There are many memorable movie and TV quotes I remember, but here's my top 5, in no particular order.

"Damn, what a rush" Broken Arrow

"You just activated a nuclear warhead, my friend" Broken Arrow 

"Where as once I was blind now I can see" The Game 

"A good conspiracy is one that can’t be proven" Conspiracy Theory

"I do wish we could chat longer, but I'm having an old friend for dinner" Silence of the Lambs


----------



## HappyGoLucky (Jan 11, 2004)

"Steel Magnolias" had some wonderful lines:

Ouiser Boudreaux: I do not see plays, because I can nap at home for free. And I don't see movies 'cause they're trash, and they got nothin' but naked people in 'em! And I don't read books, 'cause if they're any good, they're gonna make 'em into a miniseries.

Clairee Belcher: All gay men have track lightin'. And all gay men are named Mark, Rick, or Steve.

Clairee Belcher: Well, you know what they say: if you don't have anything nice to say about anybody, come sit by me! 
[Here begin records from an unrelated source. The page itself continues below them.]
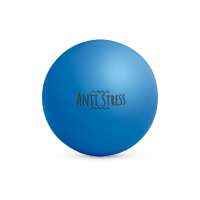 CHILL Anti-Stress Ball
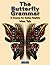 The Butterfly Grammar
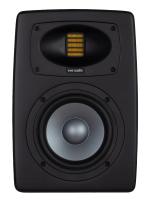 LOA KIỂM ÂM EVE Audio EXO 25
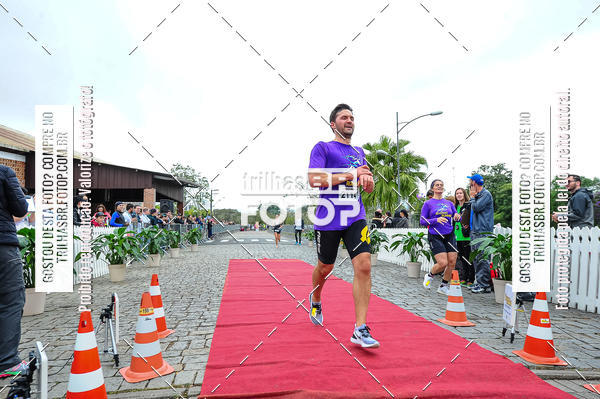 Buy your photos of the event1 Meia Maratona Timb on Fotop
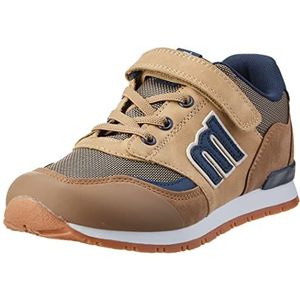 MTNG JONY 48443V Kinder Sport | Sport | Vetersluiting, Bruin, 31 EU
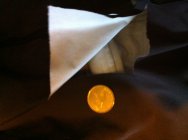 496175.jpeg 496175.jpeg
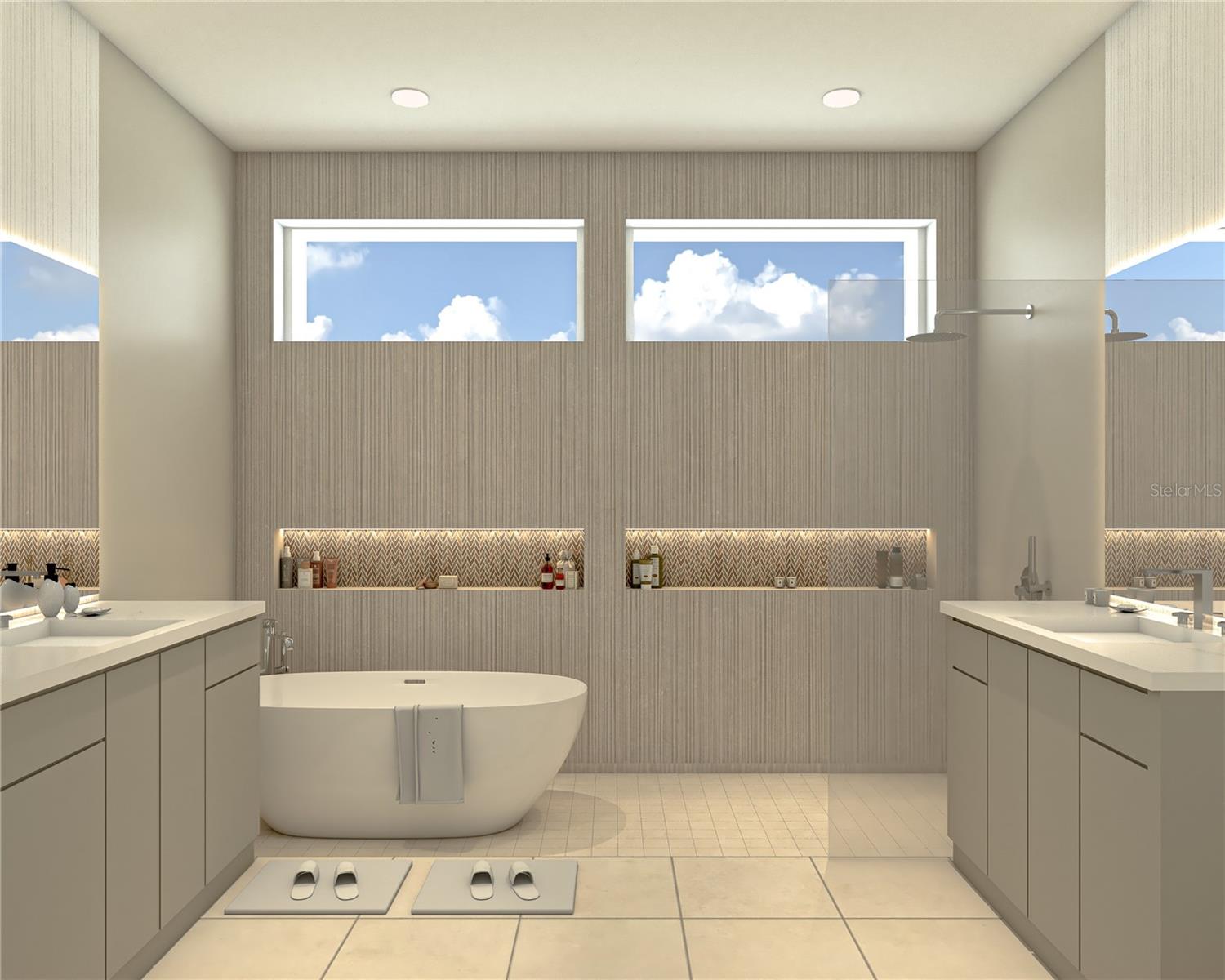 Image 9 of 10 For 1966 Wisteria Street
Truvy: Oh, Sammy's so confused he don't know whether to scratch his watch or wind his butt.

Ouiser Boudreaux: I'm not crazy, I've just been a very bad mood for the last 40 years!

Clairee Belcher: The only thing that separates us from the animals is our ability to accessorize.

Ouiser Boudreaux: I'm pleasant. Damn it! I saw Drum Eatenton at the Piggly Wiggly this morning, and I smiled at the son of a ***** 'fore I could help myself.

Clairee Belcher: Ouiser could never stay mad at me; she worships the quicksand I walk on.


----------



## HappyGoLucky (Jan 11, 2004)

From "Aliens" -- Ripley: Get away from her, you *****!

From "Bewitched Bunny" -- Bugs Bunny: Aren't you ashamed of yourself, roastin' children!
Witch Hazel: Call it a weakness.

From "Female Trouble" -- Dawn Davenport: I've DONE everything a mother can do: I've locked her in her room, I've beat her with the car aerial. Nothing changes her. It's HARD being a loving mother!

From "Ferris Bueller's Day Off" -- Grace: Oh, he's very popular Ed. The sportos, the motorheads, geeks, sluts, bloods, waistoids, dweebies, dickheads - they all adore him. They think he's a righteous dude. 

From "The Full Monty" -- Dave: Anti-wrinkle cream there may be, but anti-fat-******* cream there is not.

From "The Women" -- Crystal Allen: There's a name for you ladies, but it isn't used in high society, outside of a kennel.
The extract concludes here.